Con todos los pecados que trajeron al remolque su fracaso, la democracia venezolana, pudo, mal que bien, levantar por completo a una nación: construir los principales hospitales y puentes existentes en Venezuela; los puertos y los aeropuertos, las represas y acueductos, la infraestructura; los museos, las bibliotecas, los teatros, los espacios recreativos, la vialidad de este país. Fundar y poner a funcionar Petróleos de Venezuela de la mano de una gerencia pública comprometida y honesta. Levantar Puerto Ordaz, consolidar el polígono industrial de Guayana con realidades gerenciales estatales como Venalum y Edelca. Terminar una red de sanidad y educación pública que llegó a ser de las más completas y eficientes de América Latina en los años 60.
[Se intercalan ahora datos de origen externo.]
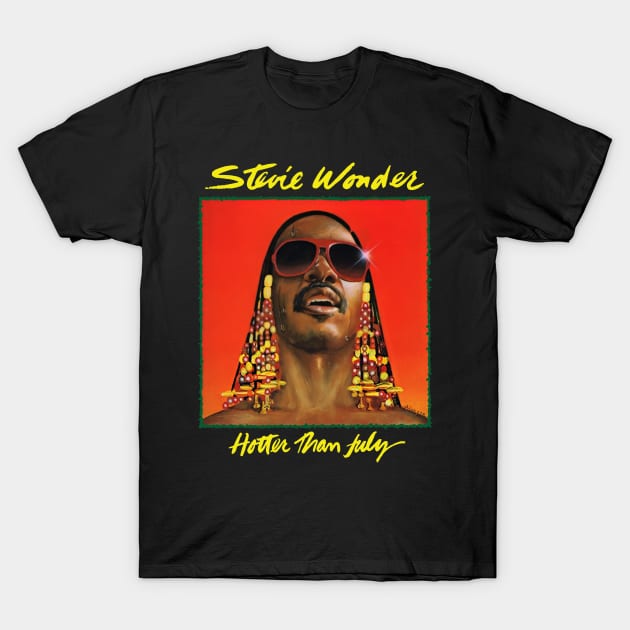 stevie wonder hotter than july T-Shirt by kusuka ulis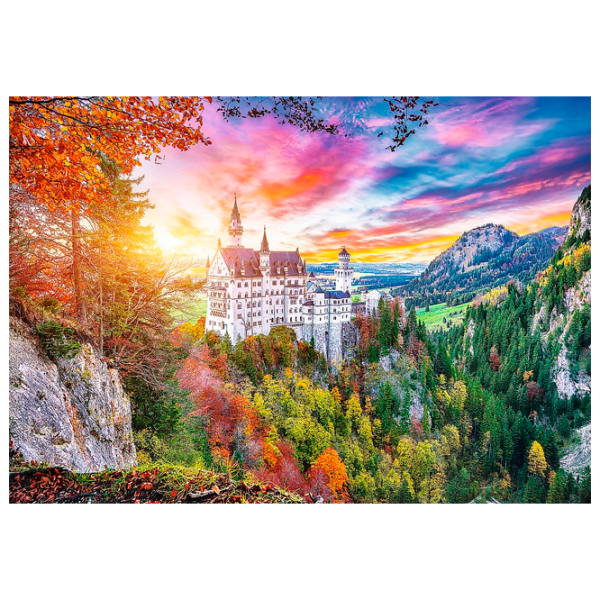 Puzzle Trefl View of Neuschwanstein Castle Germany (37427) Количество деталей: 500, Рекомендуемый возраст: 9+ photo 2
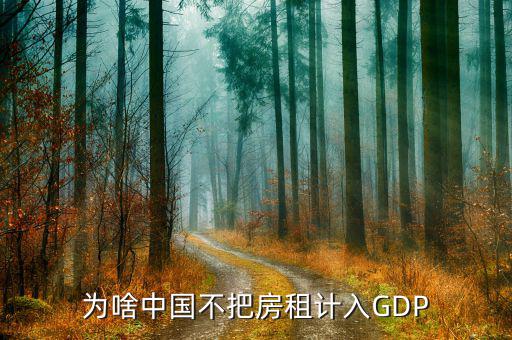 為啥中國不把房租計(jì)入GDP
Hace mucho tiempo no veíamos en Venezuela tanta escasez de virtud, tanta vocación para mentir, tanto sigilo, tanta hipocresía, tanto vicio convertido en procedimiento, tanto talento para esconder miserias, para no asumir responsabilidades, para no reparar en los daños hechos a terceros, en las vidas cegadas, en las personas arruinadas.

 La tragedia venezolana actual es una nueva postal del subdesarrollo. El país está entrampado en un pegamento en el cual concurren el fanatismo narcisista de la izquierda radical junto a la falta de probidad y la escasez de ilustración.